Musings on a flat world
The odd thing about this to me is that at about the year 2000 it peaked. Yes, prices have gone up and down over the years, yes, it has been a rocky decade in many ways but fundamentally for over 10 years the FTSE 100 has been flat. And this is not an outlier, you can see the same pattern in the Dow Jones and many other measures economic success. Things have been flat in Western Economies for about the last 10 years. Now I'm not an economist and I know this is not the whole picture because other measures such as GDP per capita have still been rising, but to me this is very striking. Measures that we had previously assumed would rise consistently just are not and I do not believe that this will change at any point in the near future.
So what is happening? If I had to stick my neck out I'd say that 10 years ago we started to hit the point where the world simply did not have enough resources. Economic growth previously was limited by human endevour and how much we could achieve. Given a year, we could only make so much progress as companies and populations. Maybe a bit more in one year, maybe a bit less, but over time we had fairly constant growth.
But things are different now, human endevour is no longer the limit, the resources we need as human beings to survive and develop are the limit. We have reached the point where the limits of the earth are the limits on our growth as a species. Oil prices have been steadily increasing over the last 10 years after being fairly constant (baring the sudden spike in the 1970's). Food prices in the UK were at their lowest in the early 2000's and have been on a steady increase since then.
And it is not just the economic measures that are being hit. Just today looking at the front page of the BBC website their were two articles on how things have peaked in the last few years and which are no decreasing, US educational achievement and car use in the UK.
The world has changed over the last 10 years in many ways, but the biggest change has not yet been spotted in the mainstream. Some of our fundamental assumptions about the way economies work, how our pensions will be paid for, and how we should invest money are now completely different. And there is no going back, the worlds population and the rapidly growing middle class in developing countries mean that resources are now a fundamental constraint on our futures. The good times are over and the sooner it is recognised, the sooner we can deal with the problems that our new future will pose.

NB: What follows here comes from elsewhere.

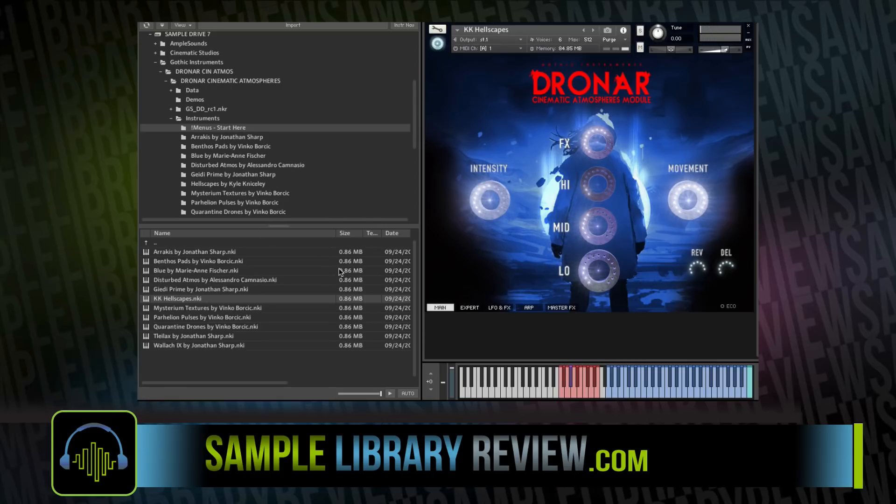These are really cool. I assume these are by Kyle Nicely — I hope that's how I pronounce it. These are really great. I'm really digging this one.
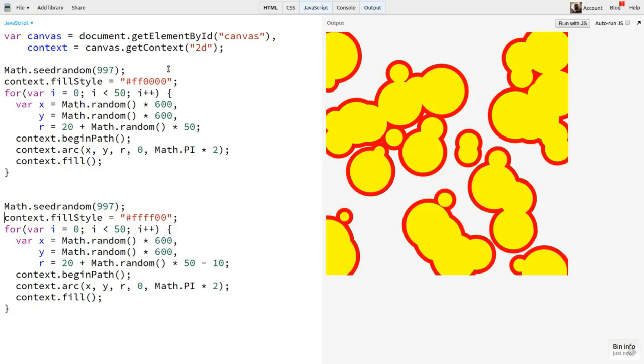Of course, you could do the same thing by storing all the values in an array in the first loop, and then going through that array again. It's not that a seeded PRNG does anything that would otherwise be impossible, but it sure makes things easier. So I hope this rounds out your basic knowledge of pseudo-random number generators. Naturally, there's a lot more to explore on the subject, but over to you to do that exploring.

As a post script to this I thought it might be worth noting that right now, my assumption is that I will not retire. I have two pieces of logic for this. Firstly the rising costs and decreasing growth per capita in the world mean that pensions are going to get much smaller than they are at the minute. Secondly, I work in a white collar office based job. Okay, so my brain and body will degrade with age, but fundamentally I will be able to continue doing some aspects of my job until well after my retirement. But for blue collar workers, it's just not the same. They will not be able to continue hard, physical work until well into old age. They will have to get a pension and it is the white collar workers who will have to support this.